Class action bill nears Congressional approval

New class lawsuit legislation that will facilitate removal of most class actions from state to federal courts moved closer to Congressional approval yesterday as the Senate prepared to approve it. The House of Representatives has already committed to ratifying the bill so long as the Senate does not materially amend the legislation, and President Bush has already publicly stated that he will sign the legislation into law.
Under the legislation, most large class actions with aggregate claims of more than $5 million would be subject to removal to federal court, where most defense attorneys prefer defending class action cases.
A few exemptions remain that would allow primarily local controversies to remain in state court, such as cases in which at least two-thirds of the class members are from the state of the state court in which the class action is filed. A similar exemption exists for cases involving injuries that occurred primarily in one state.

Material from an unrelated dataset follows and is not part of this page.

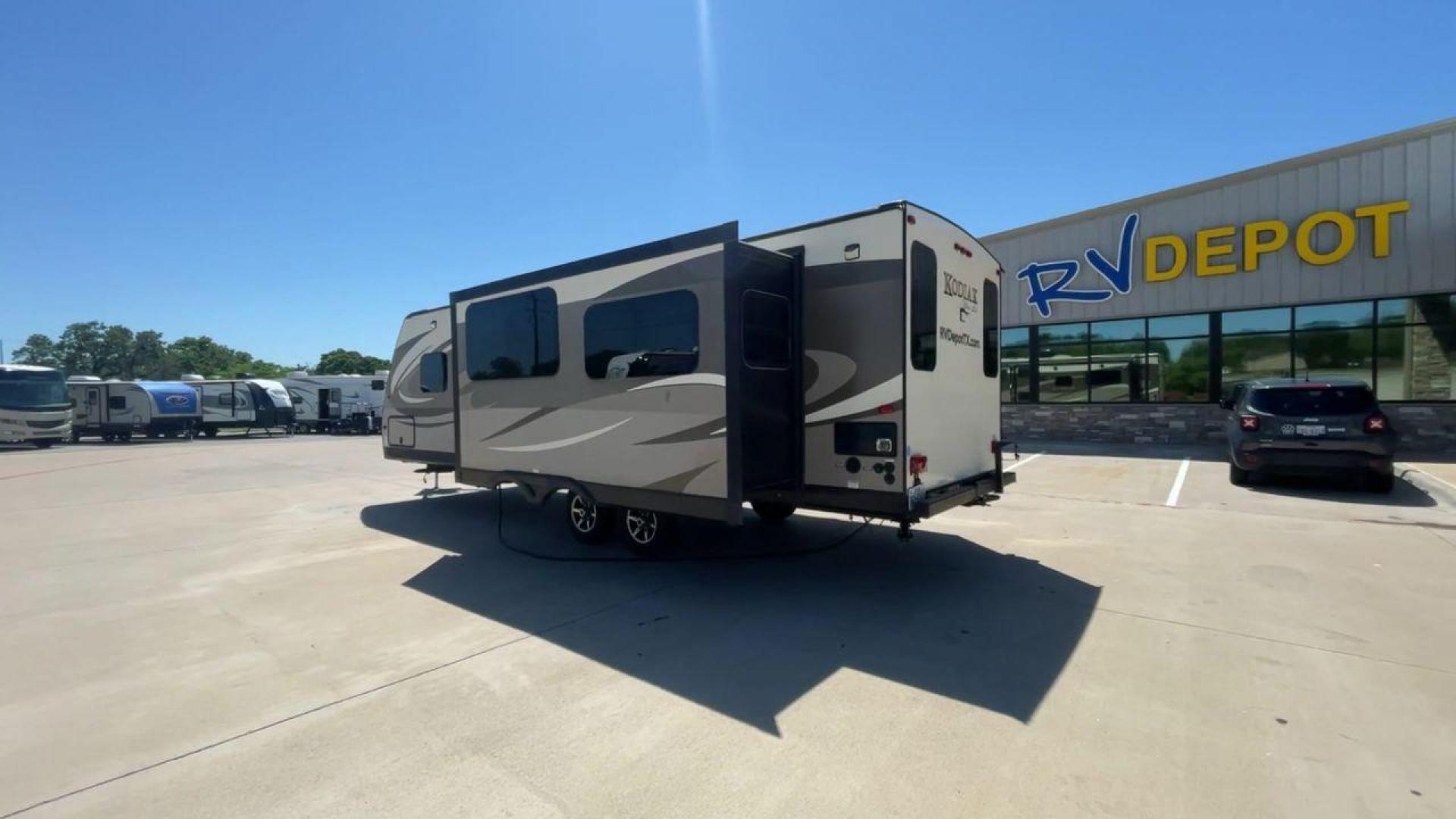 2016 TAN KEYSTONE RV KODIAK 291RESL (4YDT29125GJ) , Length: 32.33 ft. | Dry Weight: 6,536 lbs. | Slides: 2 transmission, located at 4319 N Main Street, Cleburne, TX, 76033, (817) 221-0660, 32.435829, -97.384178 - Start your adventures in comfort with this 2016 Keystone RV Kodiak 291RESL! This travel trailer measures 32.33 ft. in length and 11.08 ft. in height. It has a dry weight of 6,536 lbs. and a payload capacity of 2,364 lbs. This unit comes with 2 power slides as well as a power awning. This Kodia - Photo#7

The theory behind the legislation is to prevent class action plaintiffs’ lawyers from forum shopping class actions in the state courts to find the most “damages friendly” venue for such cases. However, class action plaintiffs’ lawyers have forum shopped class actions in federal courts for years, so the main impact of the legislation is simply to reduce the supply of available courts in which plaintiffs’ lawyers can initiate a such a lawsuit.
The rest of the political debate regarding the bill is largely partisan drivel.